* [What to produce] Could you set down exactly the lines in the records below between the line holding "Prehistoric Climate Changes" and the line holding "3 - FRANCE FOOTBALL", inclusive?

* [Data for this task]
*** Block opens ***
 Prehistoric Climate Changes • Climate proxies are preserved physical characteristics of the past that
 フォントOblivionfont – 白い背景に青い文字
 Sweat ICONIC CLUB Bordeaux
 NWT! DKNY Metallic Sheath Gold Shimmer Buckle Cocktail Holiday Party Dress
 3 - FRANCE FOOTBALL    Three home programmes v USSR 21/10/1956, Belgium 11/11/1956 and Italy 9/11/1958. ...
*** Block closes ***
*** Block opens ***
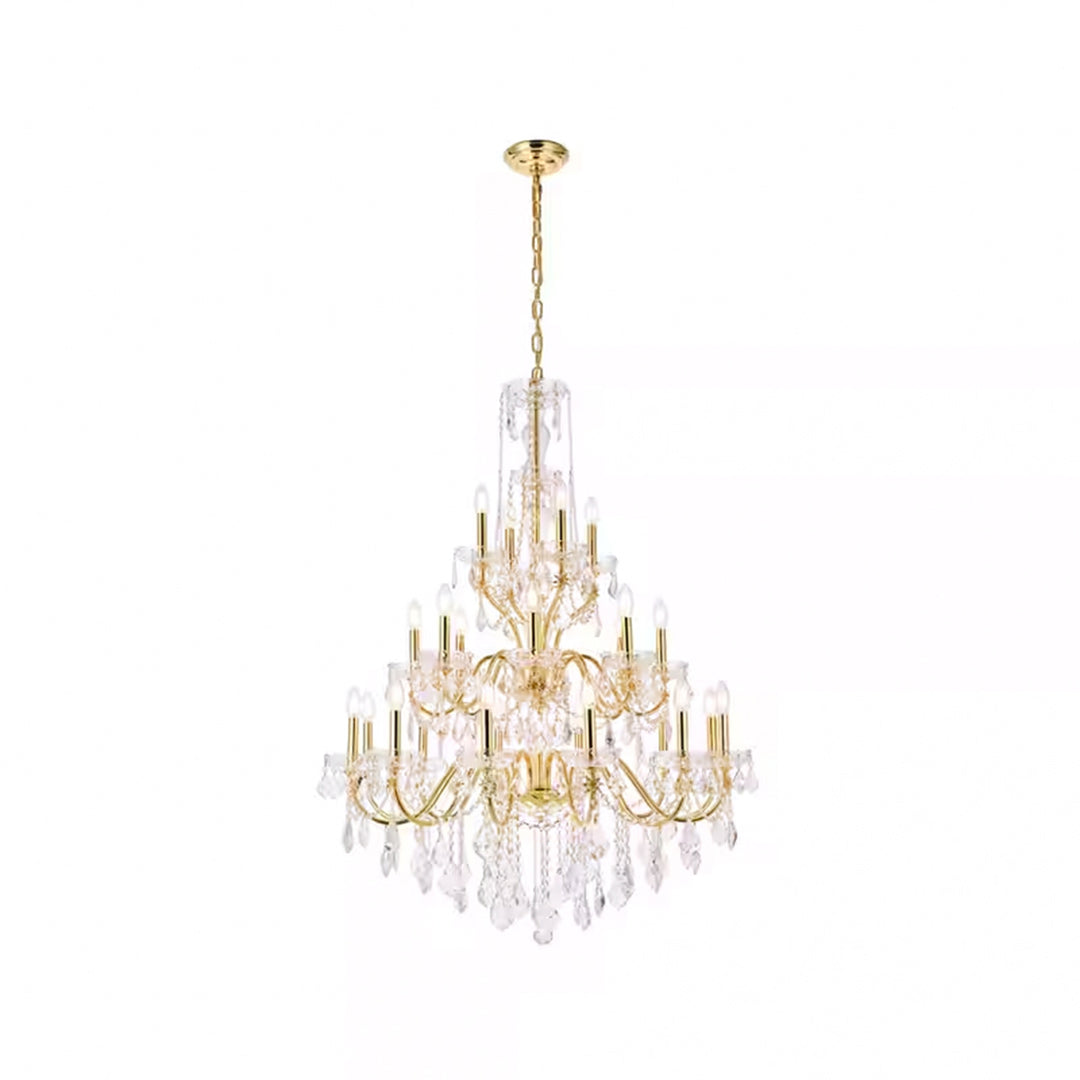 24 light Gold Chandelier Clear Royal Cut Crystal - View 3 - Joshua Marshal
*** Block closes ***
*** Block opens ***
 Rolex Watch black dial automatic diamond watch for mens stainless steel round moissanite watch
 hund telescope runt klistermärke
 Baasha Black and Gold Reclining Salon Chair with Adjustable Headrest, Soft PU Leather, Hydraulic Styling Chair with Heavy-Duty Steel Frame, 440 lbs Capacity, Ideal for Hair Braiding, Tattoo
*** Block closes ***
* [Answer box]
 Prehistoric Climate Changes • Climate proxies are preserved physical characteristics of the past that
 フォントOblivionfont – 白い背景に青い文字
 Sweat ICONIC CLUB Bordeaux
 NWT! DKNY Metallic Sheath Gold Shimmer Buckle Cocktail Holiday Party Dress
 3 - FRANCE FOOTBALL    Three home programmes v USSR 21/10/1956, Belgium 11/11/1956 and Italy 9/11/1958. ...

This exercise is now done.